These examples are intended to illustrate but not limit the broad
application of the invention for dense phase application of
particulate material to objects. The specific design and operation
of the material application system selected provides no limitation
on the present invention unless and except as otherwise expressly
noted herein.
[0060] While various aspects of the invention are described and
illustrated herein as embodied in combination in the exemplary
embodiments, these various aspects may be realized in many
alternative embodiments, either individually or in various
combinations and sub-combinations thereof. Unless expressly
excluded herein all such combinations and sun-combinations are
intended to be within the scope of the present invention.
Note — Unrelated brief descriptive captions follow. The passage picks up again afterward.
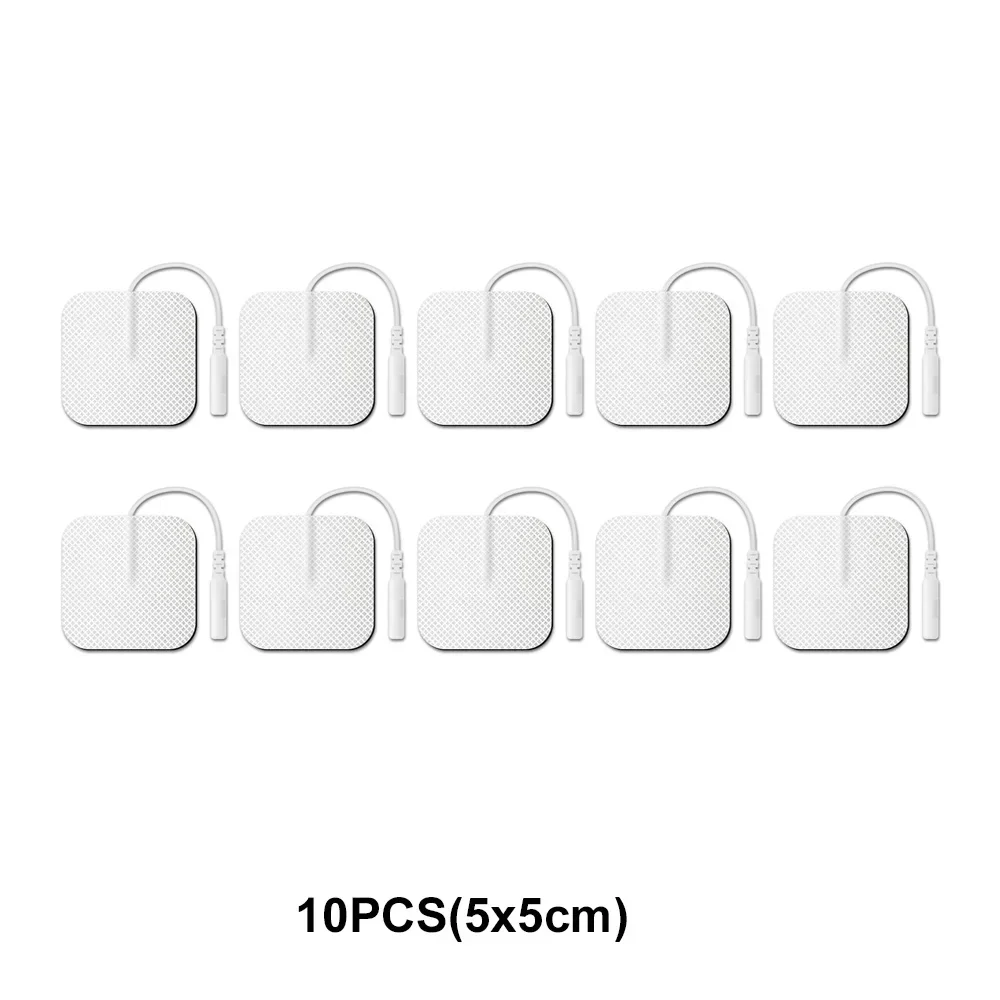10pcs(5 pack)5x5cm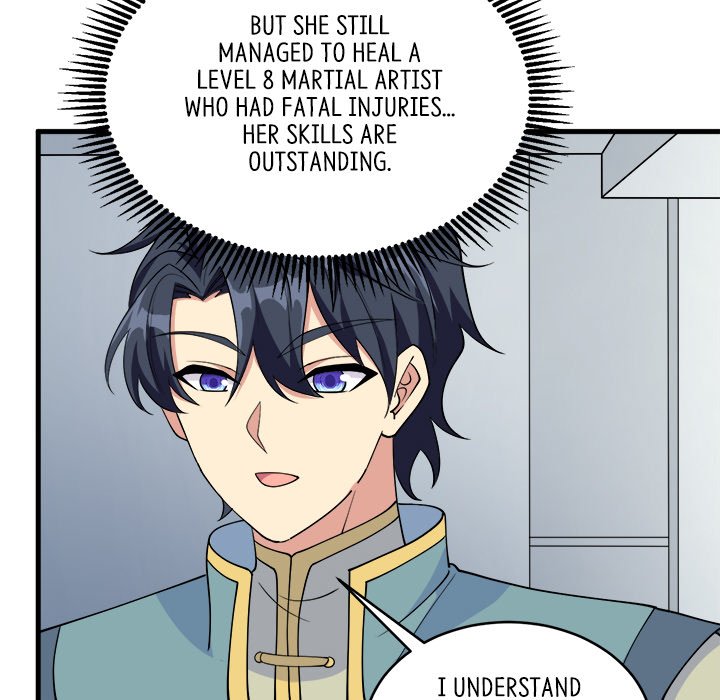 Read When Aliens Invaded Earth chapter 67 image 127 on Lezhin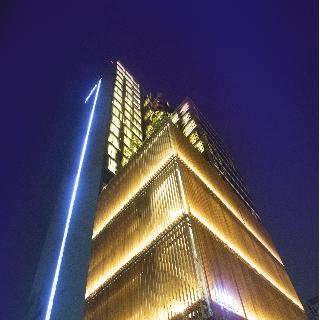 Amara Bangkok fotoÄŸrafÄ±
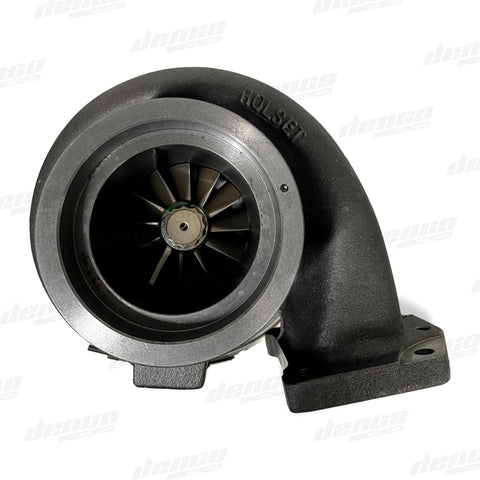 4031129H Holset Turbocharger Hx60 Scania 4-Series Truck (Engine Dt16.02) 480Hp Genuine Oem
Still
further, while various alternative embodiments as to the various
aspects and features of the invention, such as alternative
materials, structures, configurations, methods, devices, software,
hardware, control logic and so on may be described herein, such
descriptions are not intended to be a complete or exhaustive list
of available alternative embodiments, whether presently known or
later developed. Those skilled in the art may readily adopt one or
more of the aspects, concepts or features of the invention into
additional embodiments within the scope of the present invention
even if such embodiments are not expressly disclosed herein.
Additionally, even though some features, concepts or aspects of the
invention may be described herein as being a preferred arrangement
or method, such description is not intended to suggest that such
feature is required or necessary unless expressly so stated. Still
further, exemplary or representative values and ranges may be
included to assist in understanding the present invention however,
such values and ranges are not to be construed in a limiting sense
and are intended to be critical values or ranges only if so
expressly stated.
[0061] Even from the general schematic illustration of FIG. 1 it
can be appreciated that such complex systems can be very difficult
and time consuming to clean and to provide for color change.
Typical powder coating material is very fine and tends to be
applied in a fine cloud or spray pattern directed at the objects
being sprayed. Even with the use of electrostatic technology, a
significant amount of powder overspray is inevitable. Cross
contamination during color change is a significant issue in many
industries, therefore it is important that the material application
system be able to be thoroughly cleaned between color changes.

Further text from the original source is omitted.